Auf die Krise von 2008 reagierte die Politik mit geldpolitischen Stimuli, bis heute. Doch die Zukunft ist ungewiss. Ein Kommentar von Victoria Curzon Price.

Victoria Curzon Price
«Die Wirtschaft als Ganze ist zu komplex, als dass jemand eine präzise Vorhersage machen könnte. Wir behelfen uns mit Vermutungen und liegen oft falsch.»

Ein ewiges Auf und Ab: Wirtschaftlichen Zyklen sind wir seit Menschengedenken ausgesetzt. Auf Anraten Josefs lässt der Pharao in den sieben fetten Jahren Umsicht walten, sodass Ägypten die sieben mageren Jahre überstehen kann. Im 17. Jahrhundert lassen sich die braven Bürger von Amsterdam zu einer Tulpenmanie hinreissen – bis heute ein Lehrbuchbeispiel, zu welchem Irrsinn der Mensch fähig ist.

Nach den Goldenen Zwanzigerjahren folgt die Grosse Depression – binnen nur vier Jahren, von 1929 bis 1933, wird rund ein Drittel des nationalen Einkommens der USA vernichtet. Natürlich bleiben im kollektiven Gedächtnis vor allem die besonders schmerzlichen, erstaunlichen oder belustigenden Beispiele haften.

Tatsache ist aber: Die Wirtschaft verläuft niemals in geraden Bahnen. Ökonomen mühen sich offensichtlich nach Kräften, in den Schwankungen des Wirtschaftszyklus ein Muster zu erkennen. Ebenso offensichtlich ist, dass dem noch nie Erfolg beschieden war. Wir wissen, dass es Wirtschaftszyklen gibt, wir erkennen ungefähr, was geschieht.
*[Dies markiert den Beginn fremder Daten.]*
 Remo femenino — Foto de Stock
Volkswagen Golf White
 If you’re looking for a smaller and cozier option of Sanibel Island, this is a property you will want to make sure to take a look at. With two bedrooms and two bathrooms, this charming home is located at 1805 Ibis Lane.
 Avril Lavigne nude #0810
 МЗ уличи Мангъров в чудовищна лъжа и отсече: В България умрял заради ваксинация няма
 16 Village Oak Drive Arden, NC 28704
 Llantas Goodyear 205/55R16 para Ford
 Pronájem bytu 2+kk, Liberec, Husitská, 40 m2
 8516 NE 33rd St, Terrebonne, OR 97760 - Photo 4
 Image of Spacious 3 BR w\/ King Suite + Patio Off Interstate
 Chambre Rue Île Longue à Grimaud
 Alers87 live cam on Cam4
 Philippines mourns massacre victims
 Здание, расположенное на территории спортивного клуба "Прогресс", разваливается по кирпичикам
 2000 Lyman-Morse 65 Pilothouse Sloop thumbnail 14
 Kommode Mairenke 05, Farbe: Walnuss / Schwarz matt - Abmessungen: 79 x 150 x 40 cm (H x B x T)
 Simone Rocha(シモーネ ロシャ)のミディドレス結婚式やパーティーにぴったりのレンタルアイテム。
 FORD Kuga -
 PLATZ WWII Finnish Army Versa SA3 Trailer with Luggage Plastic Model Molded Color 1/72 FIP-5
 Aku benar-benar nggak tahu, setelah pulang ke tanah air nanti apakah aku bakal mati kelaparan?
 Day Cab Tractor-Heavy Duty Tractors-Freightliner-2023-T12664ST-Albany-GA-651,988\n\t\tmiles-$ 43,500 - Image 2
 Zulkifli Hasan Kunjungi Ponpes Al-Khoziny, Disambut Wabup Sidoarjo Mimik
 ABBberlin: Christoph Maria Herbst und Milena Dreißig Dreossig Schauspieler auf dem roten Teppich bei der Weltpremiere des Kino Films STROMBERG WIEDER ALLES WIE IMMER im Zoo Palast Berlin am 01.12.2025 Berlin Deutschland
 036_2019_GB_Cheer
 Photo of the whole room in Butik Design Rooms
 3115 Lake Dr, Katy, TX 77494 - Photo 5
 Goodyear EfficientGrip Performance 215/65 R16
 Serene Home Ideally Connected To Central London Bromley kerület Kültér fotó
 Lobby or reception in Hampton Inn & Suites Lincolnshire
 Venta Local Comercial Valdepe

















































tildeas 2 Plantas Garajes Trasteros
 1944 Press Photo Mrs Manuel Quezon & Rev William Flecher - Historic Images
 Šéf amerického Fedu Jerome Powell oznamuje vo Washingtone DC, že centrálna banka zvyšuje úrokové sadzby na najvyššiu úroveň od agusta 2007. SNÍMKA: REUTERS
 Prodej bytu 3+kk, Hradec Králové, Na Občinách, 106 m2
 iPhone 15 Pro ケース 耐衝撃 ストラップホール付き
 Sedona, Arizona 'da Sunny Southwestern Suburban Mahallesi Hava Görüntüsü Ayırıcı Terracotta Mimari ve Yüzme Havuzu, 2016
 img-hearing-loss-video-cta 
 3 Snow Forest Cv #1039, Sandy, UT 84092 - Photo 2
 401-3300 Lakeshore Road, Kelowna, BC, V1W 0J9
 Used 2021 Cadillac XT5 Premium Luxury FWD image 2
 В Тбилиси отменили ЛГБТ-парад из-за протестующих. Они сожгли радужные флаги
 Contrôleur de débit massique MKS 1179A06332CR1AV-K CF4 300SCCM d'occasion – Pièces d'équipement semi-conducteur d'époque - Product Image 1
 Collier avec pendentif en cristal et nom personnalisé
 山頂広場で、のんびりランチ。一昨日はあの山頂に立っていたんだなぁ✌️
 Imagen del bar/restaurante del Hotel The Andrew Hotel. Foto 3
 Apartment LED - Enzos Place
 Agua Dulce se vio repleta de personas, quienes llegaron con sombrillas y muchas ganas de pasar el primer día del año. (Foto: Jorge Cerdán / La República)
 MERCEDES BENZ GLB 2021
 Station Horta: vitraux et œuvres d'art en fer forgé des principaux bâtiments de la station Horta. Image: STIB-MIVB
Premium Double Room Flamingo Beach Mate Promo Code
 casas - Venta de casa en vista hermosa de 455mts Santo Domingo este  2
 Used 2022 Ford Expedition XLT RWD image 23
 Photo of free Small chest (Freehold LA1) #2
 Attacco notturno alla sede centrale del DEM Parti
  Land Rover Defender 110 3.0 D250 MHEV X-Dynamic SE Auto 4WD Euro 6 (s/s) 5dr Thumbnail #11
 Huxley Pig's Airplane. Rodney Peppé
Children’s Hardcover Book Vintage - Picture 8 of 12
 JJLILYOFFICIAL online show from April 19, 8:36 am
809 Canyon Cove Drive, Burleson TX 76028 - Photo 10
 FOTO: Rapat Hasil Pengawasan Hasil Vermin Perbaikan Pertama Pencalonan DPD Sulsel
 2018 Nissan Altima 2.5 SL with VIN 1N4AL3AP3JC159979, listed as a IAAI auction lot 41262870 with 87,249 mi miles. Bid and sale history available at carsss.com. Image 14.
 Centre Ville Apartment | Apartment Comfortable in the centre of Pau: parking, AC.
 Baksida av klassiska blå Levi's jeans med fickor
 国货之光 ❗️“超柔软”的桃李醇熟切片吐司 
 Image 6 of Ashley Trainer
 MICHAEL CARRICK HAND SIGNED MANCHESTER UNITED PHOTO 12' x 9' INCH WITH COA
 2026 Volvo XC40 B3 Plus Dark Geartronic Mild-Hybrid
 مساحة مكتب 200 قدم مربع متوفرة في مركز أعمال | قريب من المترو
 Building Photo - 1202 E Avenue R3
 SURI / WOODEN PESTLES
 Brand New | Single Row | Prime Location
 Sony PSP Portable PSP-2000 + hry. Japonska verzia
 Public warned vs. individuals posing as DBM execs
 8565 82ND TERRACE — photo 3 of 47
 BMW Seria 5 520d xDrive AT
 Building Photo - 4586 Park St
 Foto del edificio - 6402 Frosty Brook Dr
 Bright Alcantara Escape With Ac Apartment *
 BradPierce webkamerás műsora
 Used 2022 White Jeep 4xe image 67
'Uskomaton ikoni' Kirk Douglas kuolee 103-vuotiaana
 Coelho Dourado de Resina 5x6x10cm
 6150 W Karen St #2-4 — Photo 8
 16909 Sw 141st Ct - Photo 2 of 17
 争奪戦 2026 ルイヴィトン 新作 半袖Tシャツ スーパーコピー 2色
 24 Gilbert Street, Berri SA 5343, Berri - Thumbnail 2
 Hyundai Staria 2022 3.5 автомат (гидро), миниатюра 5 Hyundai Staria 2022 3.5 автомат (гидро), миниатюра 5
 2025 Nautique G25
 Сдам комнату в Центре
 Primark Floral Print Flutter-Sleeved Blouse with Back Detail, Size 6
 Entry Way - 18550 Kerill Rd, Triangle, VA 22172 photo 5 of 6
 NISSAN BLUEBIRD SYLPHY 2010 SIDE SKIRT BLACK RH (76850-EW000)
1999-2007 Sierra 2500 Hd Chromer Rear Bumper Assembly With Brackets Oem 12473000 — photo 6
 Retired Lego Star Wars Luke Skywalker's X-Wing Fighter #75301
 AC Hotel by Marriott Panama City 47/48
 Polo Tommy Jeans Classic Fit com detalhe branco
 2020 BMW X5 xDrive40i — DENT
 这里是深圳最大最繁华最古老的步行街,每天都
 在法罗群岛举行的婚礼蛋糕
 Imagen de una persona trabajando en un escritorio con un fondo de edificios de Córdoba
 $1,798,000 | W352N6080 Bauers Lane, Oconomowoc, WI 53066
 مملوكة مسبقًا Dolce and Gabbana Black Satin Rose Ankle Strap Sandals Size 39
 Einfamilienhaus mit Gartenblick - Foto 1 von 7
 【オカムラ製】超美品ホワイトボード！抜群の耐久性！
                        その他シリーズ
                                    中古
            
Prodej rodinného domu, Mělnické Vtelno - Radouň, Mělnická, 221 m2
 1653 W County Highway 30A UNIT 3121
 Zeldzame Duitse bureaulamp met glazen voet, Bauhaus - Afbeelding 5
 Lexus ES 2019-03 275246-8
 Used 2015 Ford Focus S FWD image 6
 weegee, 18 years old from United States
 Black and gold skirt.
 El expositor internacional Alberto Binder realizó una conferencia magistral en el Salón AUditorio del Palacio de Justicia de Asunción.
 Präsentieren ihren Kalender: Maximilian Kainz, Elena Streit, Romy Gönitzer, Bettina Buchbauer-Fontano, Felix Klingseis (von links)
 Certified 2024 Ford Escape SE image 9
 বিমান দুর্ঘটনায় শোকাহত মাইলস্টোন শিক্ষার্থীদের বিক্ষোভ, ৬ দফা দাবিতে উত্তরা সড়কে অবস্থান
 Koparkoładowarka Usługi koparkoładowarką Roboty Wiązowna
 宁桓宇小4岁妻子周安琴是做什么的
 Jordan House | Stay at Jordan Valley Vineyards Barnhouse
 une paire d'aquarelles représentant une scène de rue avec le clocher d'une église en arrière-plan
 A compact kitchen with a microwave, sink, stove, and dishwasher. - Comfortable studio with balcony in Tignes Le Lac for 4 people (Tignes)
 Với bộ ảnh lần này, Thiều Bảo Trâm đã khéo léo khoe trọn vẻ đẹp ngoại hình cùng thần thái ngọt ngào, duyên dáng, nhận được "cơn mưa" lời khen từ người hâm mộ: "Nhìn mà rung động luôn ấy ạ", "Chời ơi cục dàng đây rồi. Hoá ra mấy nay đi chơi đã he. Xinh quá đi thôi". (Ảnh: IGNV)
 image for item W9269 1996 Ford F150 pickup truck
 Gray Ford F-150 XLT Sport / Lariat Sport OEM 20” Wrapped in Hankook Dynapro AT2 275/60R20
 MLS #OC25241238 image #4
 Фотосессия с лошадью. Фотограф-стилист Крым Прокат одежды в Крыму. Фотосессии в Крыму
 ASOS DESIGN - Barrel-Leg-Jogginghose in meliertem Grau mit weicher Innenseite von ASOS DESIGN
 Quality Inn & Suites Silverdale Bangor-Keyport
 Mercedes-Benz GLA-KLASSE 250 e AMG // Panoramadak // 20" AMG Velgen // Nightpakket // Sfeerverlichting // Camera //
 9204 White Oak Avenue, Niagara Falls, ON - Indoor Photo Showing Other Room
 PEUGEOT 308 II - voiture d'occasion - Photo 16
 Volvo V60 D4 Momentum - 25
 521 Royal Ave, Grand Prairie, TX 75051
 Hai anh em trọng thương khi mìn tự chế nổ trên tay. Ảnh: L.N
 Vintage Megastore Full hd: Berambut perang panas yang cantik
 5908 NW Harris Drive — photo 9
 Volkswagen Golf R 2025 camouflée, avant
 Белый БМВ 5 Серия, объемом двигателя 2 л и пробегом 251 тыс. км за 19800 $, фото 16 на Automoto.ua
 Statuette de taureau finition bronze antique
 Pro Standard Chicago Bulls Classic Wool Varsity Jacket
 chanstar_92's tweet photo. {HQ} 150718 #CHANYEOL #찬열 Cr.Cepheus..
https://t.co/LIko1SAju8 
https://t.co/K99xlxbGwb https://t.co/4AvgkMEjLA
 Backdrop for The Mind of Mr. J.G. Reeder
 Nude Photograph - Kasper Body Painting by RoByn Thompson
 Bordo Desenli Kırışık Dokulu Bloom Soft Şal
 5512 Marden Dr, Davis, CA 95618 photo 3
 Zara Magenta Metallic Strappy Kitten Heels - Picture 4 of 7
Doch die Wirtschaft als Ganze ist zu komplex, als dass jemand – selbst mithilfe der leistungsfähigsten Computer, die mit neuesten Informationen gefüttert werden – eine präzise Vorhersage machen könnte. Wir behelfen uns mit Vermutungen und liegen oft falsch.

Das hält die Ökonomen nicht davon ab, die Geschichte zu studieren, um zu lernen, was zu vermeiden ist, und Politiker nicht vom Versuch, die schlimmsten Crashs zu verhindern. 1936 hat John Maynard Keynes seine «Allgemeine Theorie der Beschäftigung, des Zinses und des Geldes» publiziert und damit die Sicht von Ökonomen und Politikern auf Konjunkturzyklen für immer verändert.

Er entwickelte eine makroökonomische Perspektive und postulierte, die gesamte Wirtschaft lasse sich mit einigen simplen Aggregaten abbilden, wie Konsum, Ersparnisse, Investitionen, Staatsausgaben usw. Der Konjunkturzyklus wurde elegant erklärt – als Resultat eines Zuviel oder Zuwenig an Ausgaben, das auf ein Zuviel oder ein Zuwenig an Produktion trifft.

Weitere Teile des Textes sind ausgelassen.